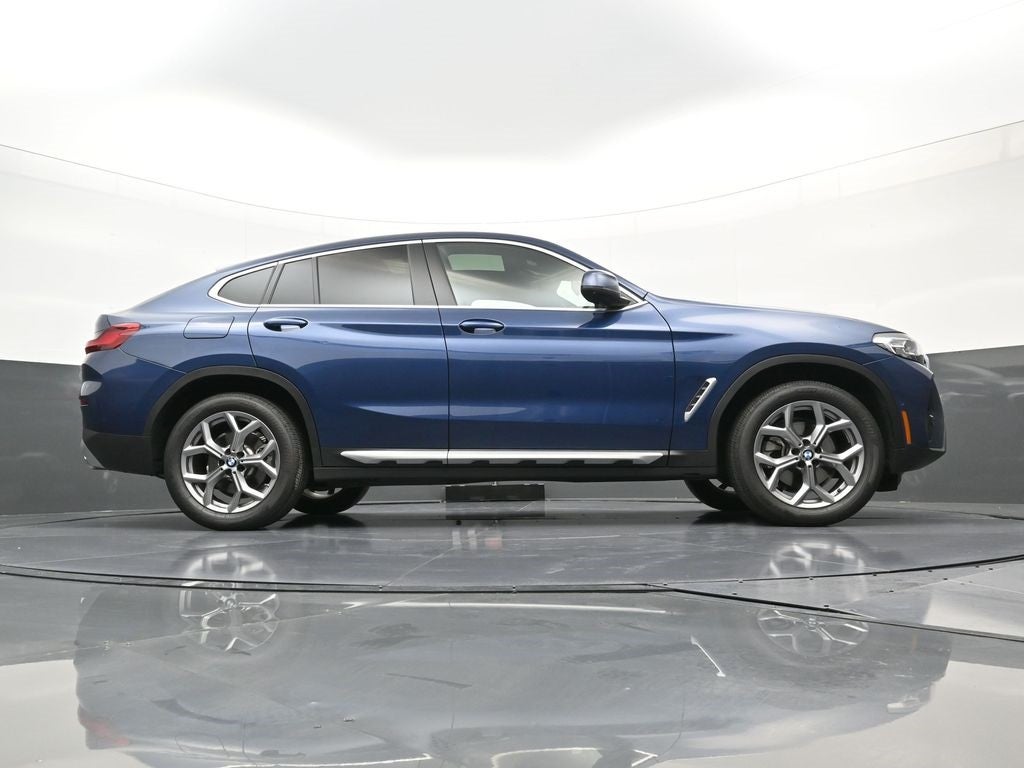 2025 BMW X4 xDrive30i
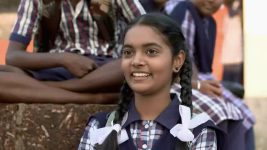 Chotya Bayochi Mothi Swapna S01 E99 Bharti Is Sandwiched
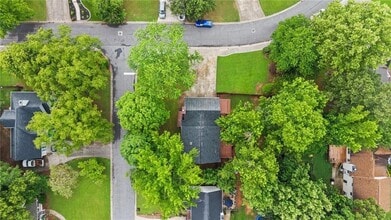 Building Photo - 1095 Mountain Springs Dr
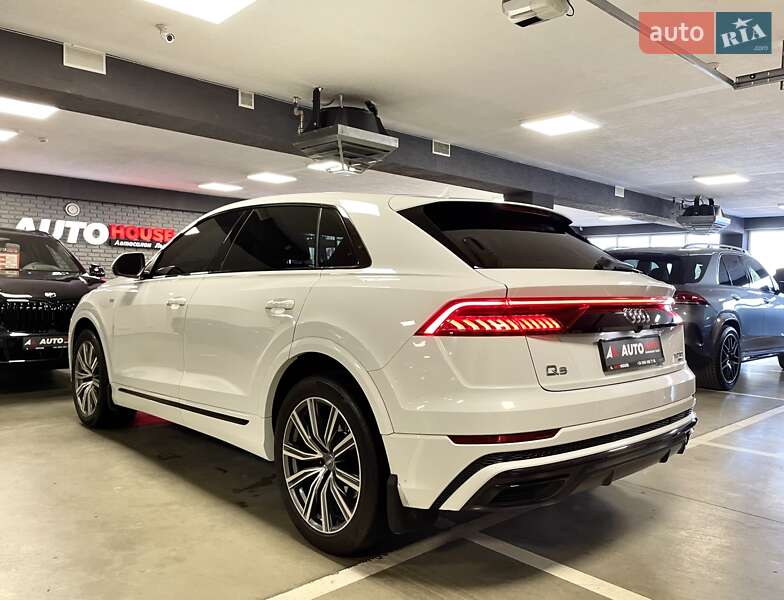 Внедорожник / Кроссовер Audi Q8 2019 в Львове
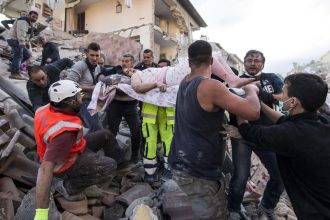 Τι λένε οι Έλληνες σεισμολόγοι για τον φονικό σεισμό της Ιταλίας - ΦΩΤΟΓΡΑΦΙΕΣ - ΒΙΝΤΕΟ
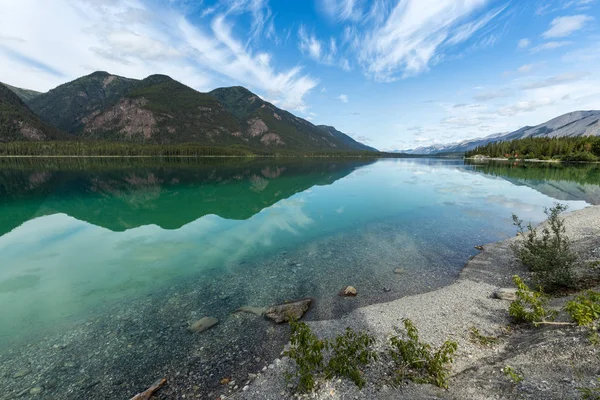 Reflektioner Vid Lake Muncho Kanada — Stockfoto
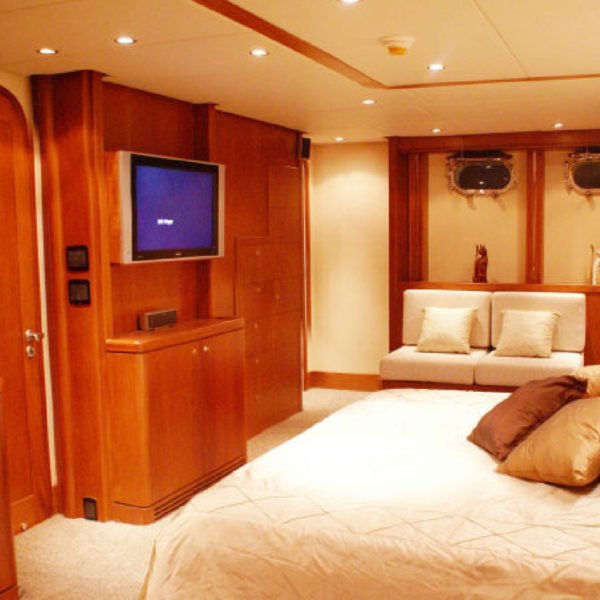 Charter 107 Trawler 107 Victoria A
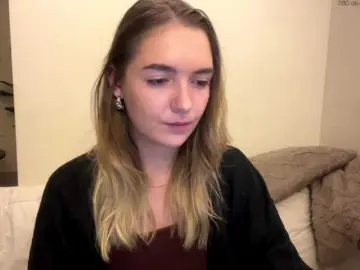 Bongacams Nude Webcam of RoxyHorny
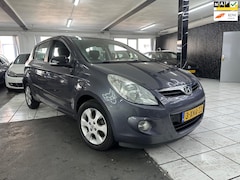 Hyundai i20 - 1.4i i-Catcher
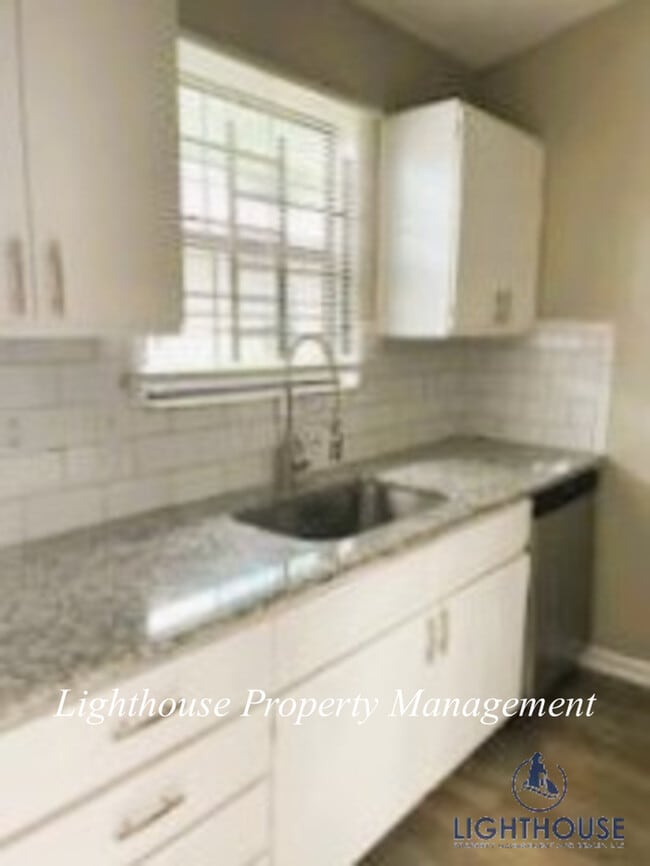 Building Photo - Renovated 2 Bed/2 Bath Single Story Townho...
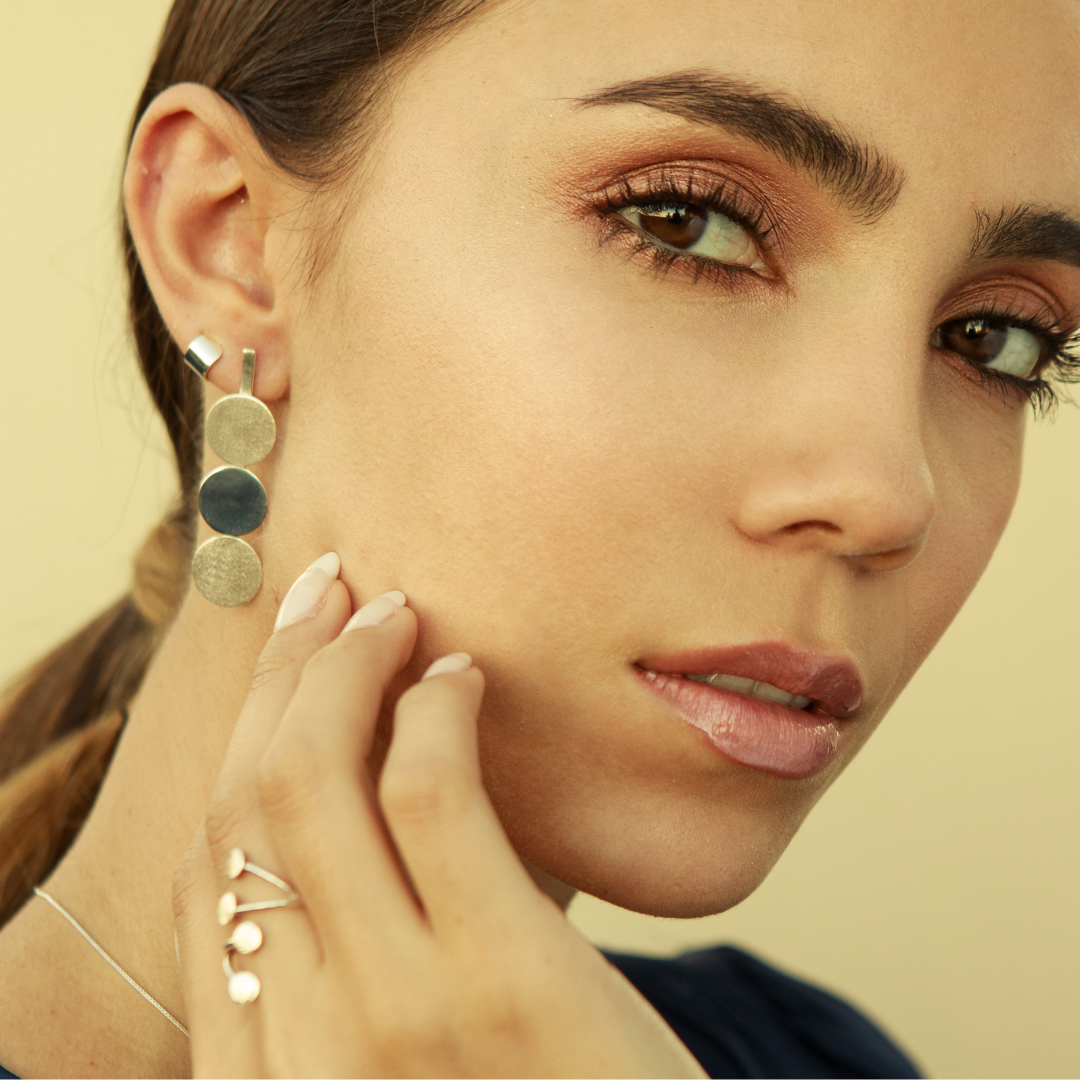 {"media":[{"id":"gid://shopify/MediaImage/42823386693945","alt":"Aretes en plata 3 monedas","type":"IMAGE","src":"https://cdn.shopify.com/s/files/1/0757/9022/1625/files/Aretes_en_plata_3_monedas_24x24@3x.jpg?v=1750956455","altText":"Aretes en plata 3 monedas"},{"id":"gid://shopify/MediaImage/42863979954489","alt":"Aretes en plata 3 monedas","type":"IMAGE","src":"https://cdn.shopify.com/s/files/1/0757/9022/1625/files/Aretes_en_plata_3_monedas_24x24@3x.png?v=1750956474","altText":"Aretes en plata 3 monedas"}]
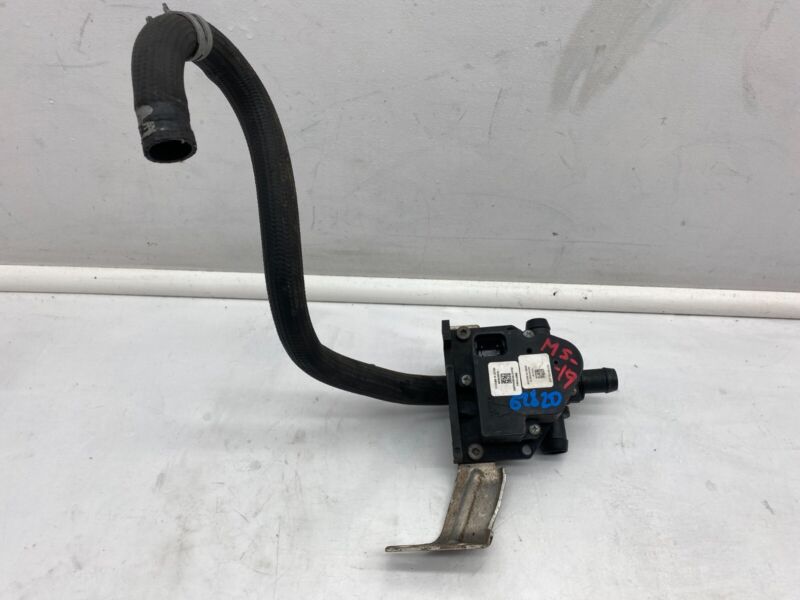 2012-2020 Tesla Model S Coolant Pump Cooling Valve Actuator 4-Way 6007370-00-E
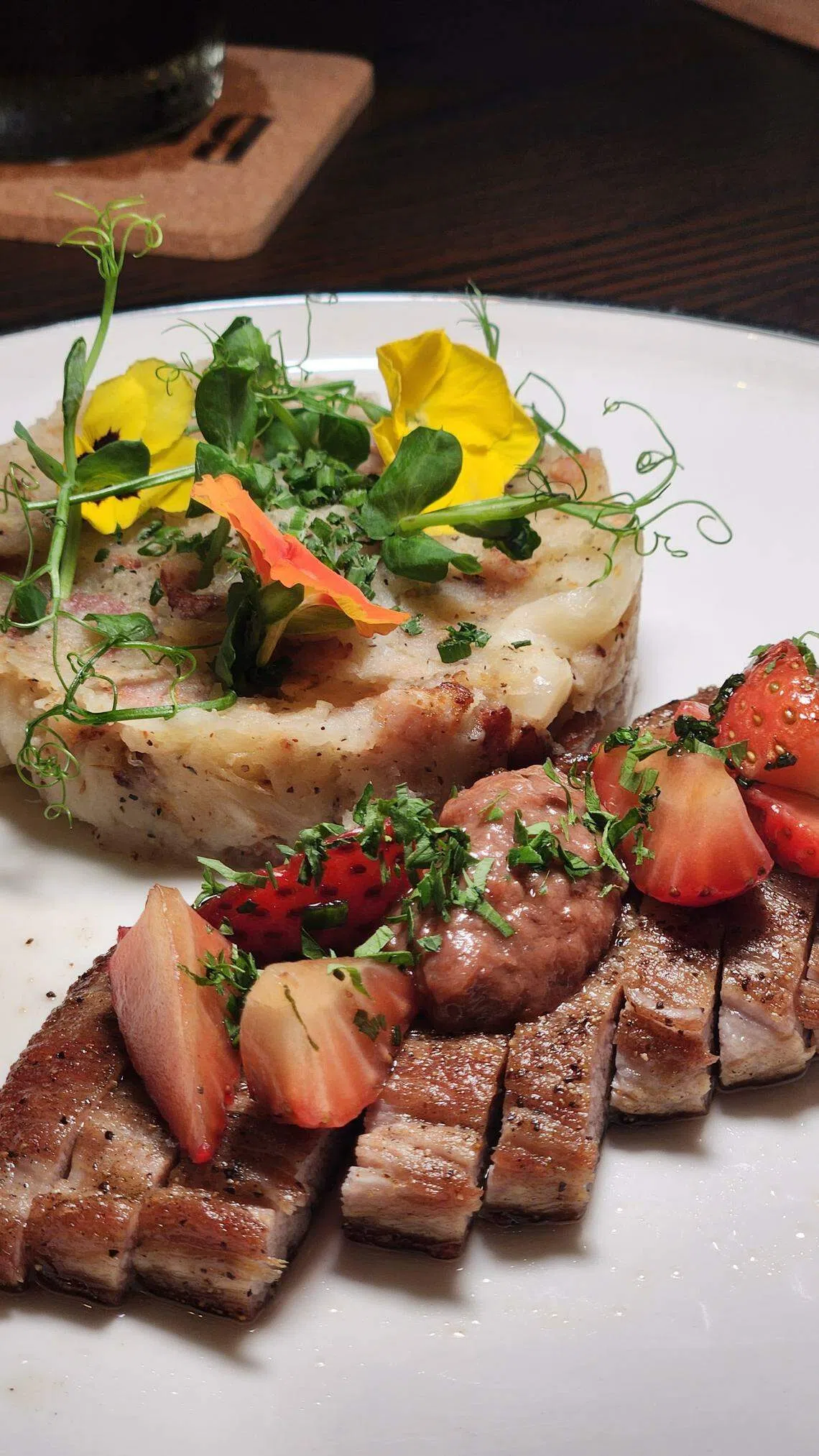 Bolonia Singapore圣诞餐里的伊比利亚猪扒配马铃薯泥。（陈爱薇摄）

————

Your task ▸
In your copy, include no pictures and only the lines from the line with "Chotya Bayochi Mothi" through the final line of the listing above, reproduced exactly.

Answer to this problem ▸
 Chotya Bayochi Mothi Swapna S01 E99 Bharti Is Sandwiched
 Building Photo - 1095 Mountain Springs Dr
 Внедорожник / Кроссовер Audi Q8 2019 в Львове
 Τι λένε οι Έλληνες σεισμολόγοι για τον φονικό σεισμό της Ιταλίας - ΦΩΤΟΓΡΑΦΙΕΣ - ΒΙΝΤΕΟ
 Reflektioner Vid Lake Muncho Kanada — Stockfoto
 Charter 107 Trawler 107 Victoria A
 Bongacams Nude Webcam of RoxyHorny
 Hyundai i20 - 1.4i i-Catcher
 Building Photo - Renovated 2 Bed/2 Bath Single Story Townho...
 {"media":[{"id":"gid://shopify/MediaImage/42823386693945","alt":"Aretes en plata 3 monedas","type":"IMAGE","src":"https://cdn.shopify.com/s/files/1/0757/9022/1625/files/Aretes_en_plata_3_monedas_24x24@3x.jpg?v=1750956455","altText":"Aretes en plata 3 monedas"},{"id":"gid://shopify/MediaImage/42863979954489","alt":"Aretes en plata 3 monedas","type":"IMAGE","src":"https://cdn.shopify.com/s/files/1/0757/9022/1625/files/Aretes_en_plata_3_monedas_24x24@3x.png?v=1750956474","altText":"Aretes en plata 3 monedas"}]
 2012-2020 Tesla Model S Coolant Pump Cooling Valve Actuator 4-Way 6007370-00-E
 Bolonia Singapore圣诞餐里的伊比利亚猪扒配马铃薯泥。（陈爱薇摄）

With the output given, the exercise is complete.